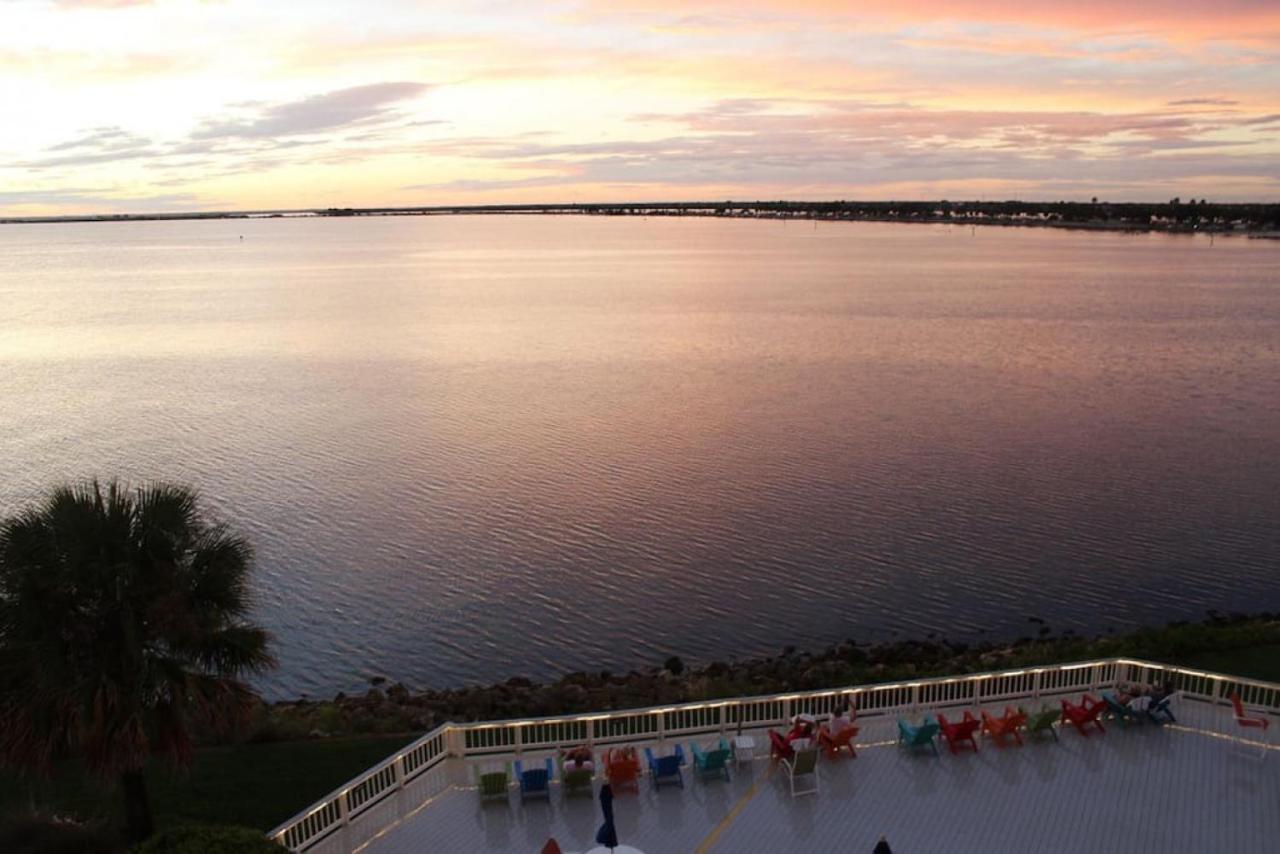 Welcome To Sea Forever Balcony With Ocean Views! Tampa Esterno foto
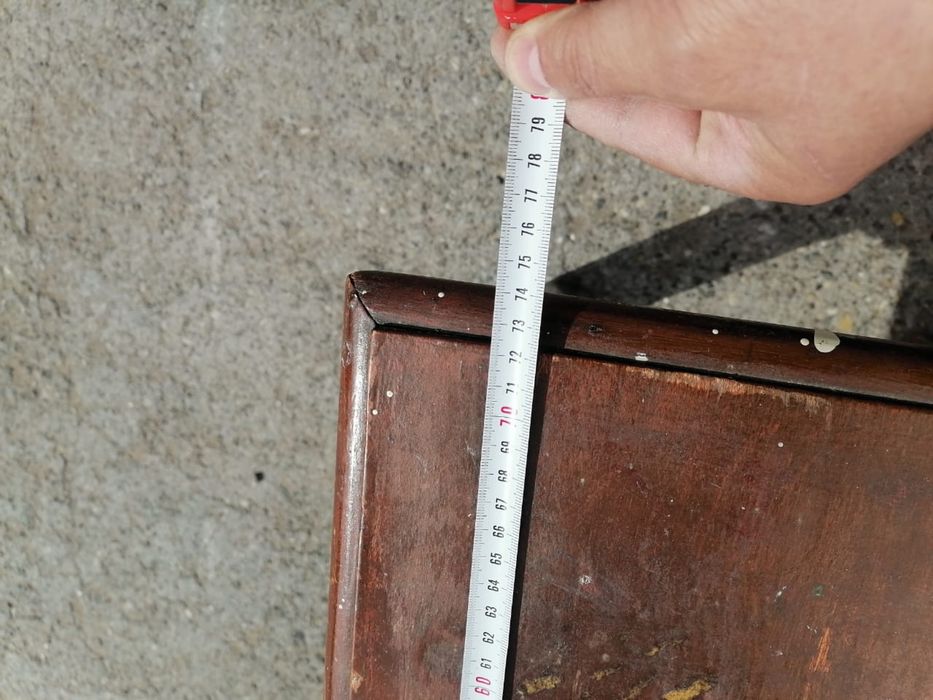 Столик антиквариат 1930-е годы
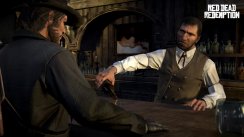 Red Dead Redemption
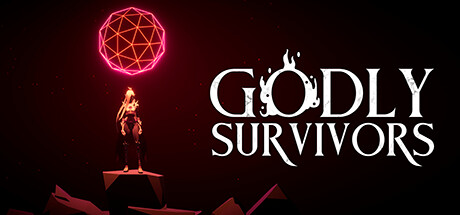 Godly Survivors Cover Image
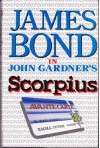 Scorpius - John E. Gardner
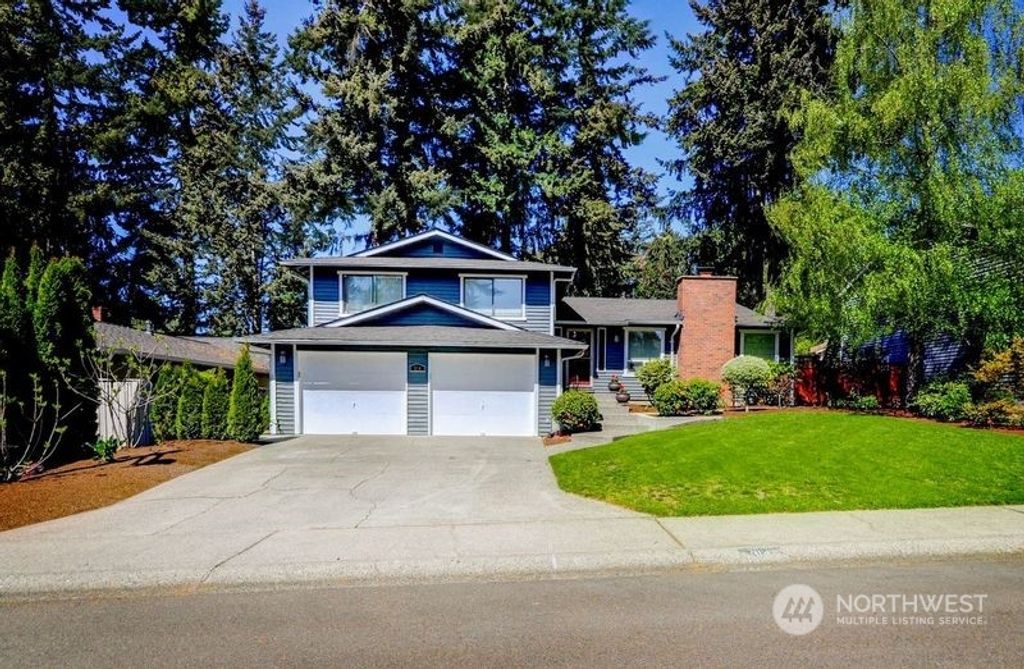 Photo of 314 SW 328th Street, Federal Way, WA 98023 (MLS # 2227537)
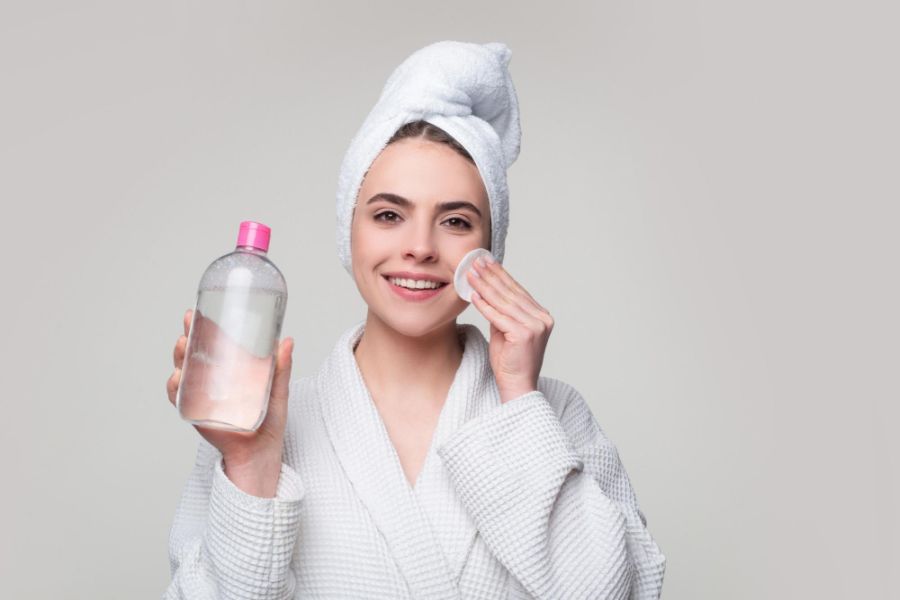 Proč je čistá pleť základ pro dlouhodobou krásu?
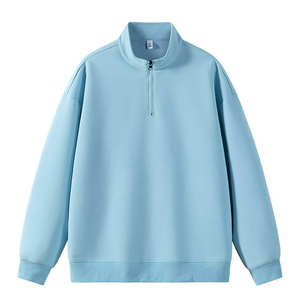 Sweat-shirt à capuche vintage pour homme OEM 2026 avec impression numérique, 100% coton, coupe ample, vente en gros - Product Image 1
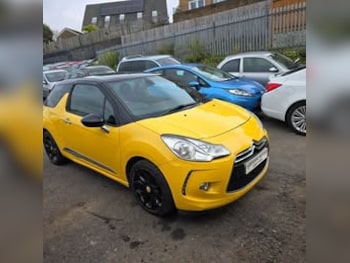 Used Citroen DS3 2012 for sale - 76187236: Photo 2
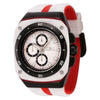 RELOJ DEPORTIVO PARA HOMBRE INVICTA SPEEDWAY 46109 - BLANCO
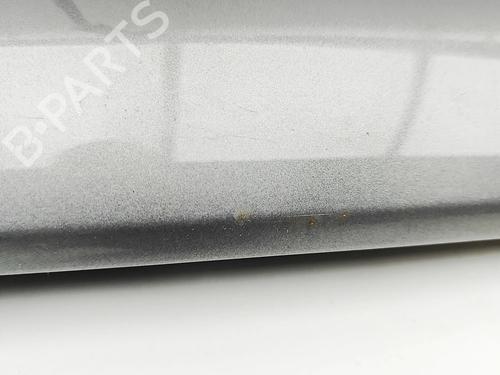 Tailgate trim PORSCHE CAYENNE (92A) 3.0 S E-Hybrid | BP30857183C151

· · ·

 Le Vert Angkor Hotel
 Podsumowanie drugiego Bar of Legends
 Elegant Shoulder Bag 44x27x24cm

· · ·

#### [Task objective]
Beginning with the line that has "Le Vert Angkor Hotel" and ending with the line that has "Elegant Shoulder Bag 44x27x24cm", set down the lines above exactly and include no others.

#### [Task answer]
 Le Vert Angkor Hotel
 Podsumowanie drugiego Bar of Legends
 Elegant Shoulder Bag 44x27x24cm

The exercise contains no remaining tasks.